Fort McHenry to first pitch
About a mile-and-a-half. About 250 years.
I’m Darren Samuelsohn, and this is what Sundays look like at love, journalism — dispatches from the notebook, unfiltered, from whatever year I happened to be living in.
Today’s edition comes from a recent road trip.
The fireworks had already happened. I came four days later.
Not the Fourth. July 8th and 9th. The bunting is still up, pyros popping in the distance, but otherwise hard to tell anything happened. Steam and humidity. The party's over.
Baltimore is a baseball cathedral.
It also makes a mean breakfast. Bravo to The Blue Moon Cafe. The cinnamon roll French toast arrives like a dare. Icing running, turkey sausage, eggs, coffee. I got through half of it. No Cap’n Crunch — the thing Guy Fieri made famous here almost twenty years ago stayed on the menu, not on my plate. Glad I listened to my server’s recommendation.
I’d travelled my favorite way: off the highway. Route 1, the old road, the one Washington and Jefferson would have gone back and forth on. Google AI narrated. It flagged a vital pitstop of the 18th century. I busted a left on the way home to get the shot.

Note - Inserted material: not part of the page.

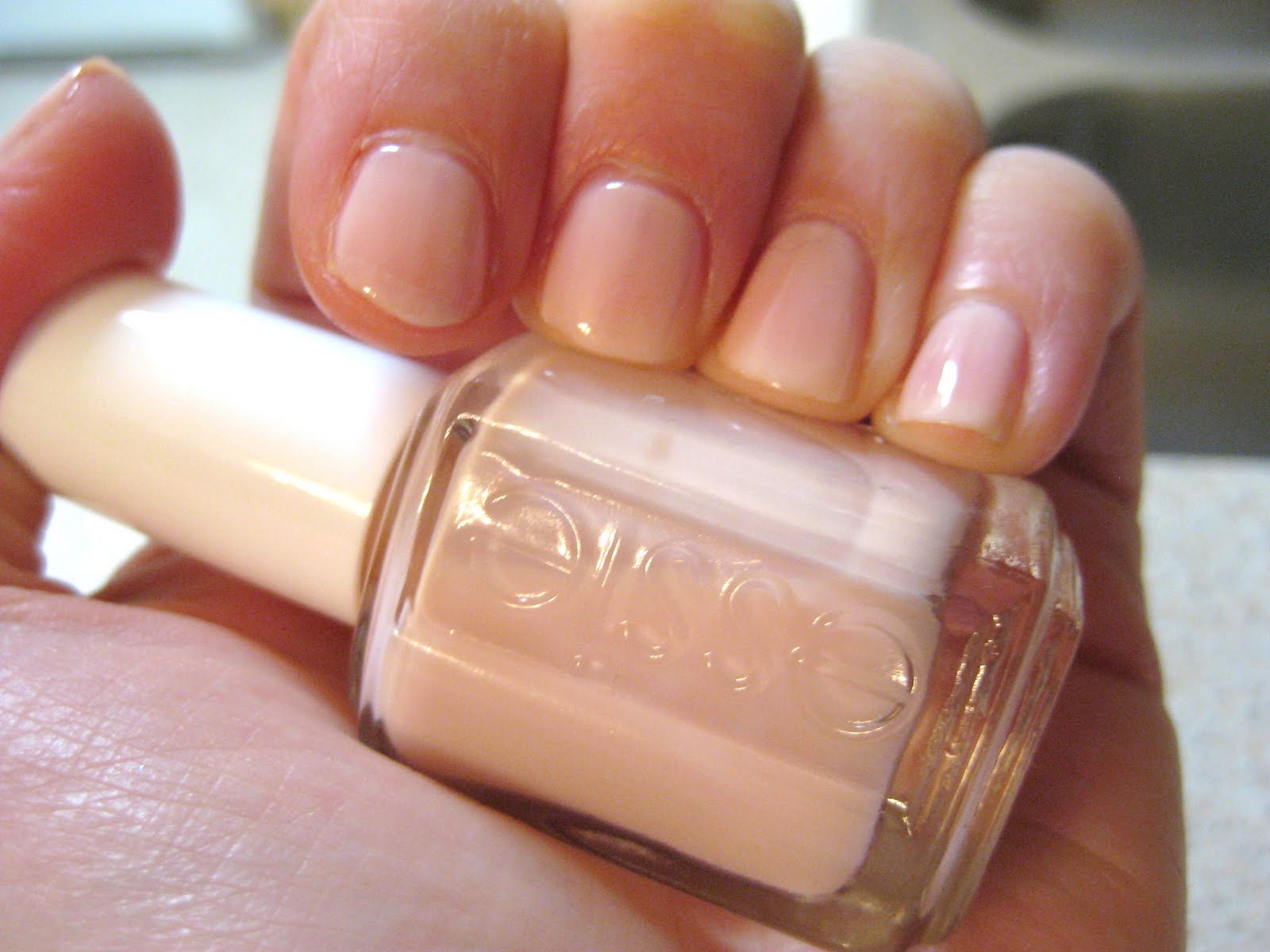 Beauty Babble Nail of the Day Yes, We Can Pink! By Essie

Fort Look-Out is a different kind of marker. I didn’t go to Fort McHenry. I went to the place built for looking at it — the same rise where a painter stood in 1829 and put the bombardment on canvas, working from memory of a fight he wasn’t old enough to have seen.
The pavilion was empty when I got there. Victorian, overcast, nobody around.
About a mile-and-a-half from that hill to first pitch. Two games in under 48 hours. PCA went deep more than once. First pitch got moved to 1:30 p.m. on account of rain. France and Morocco needed the afternoon too.
History everywhere, the trickle of Chicago fans that makes day games special.
Declaring independence 250 years ago started the country’s clock. Now, it feels like any other day in America.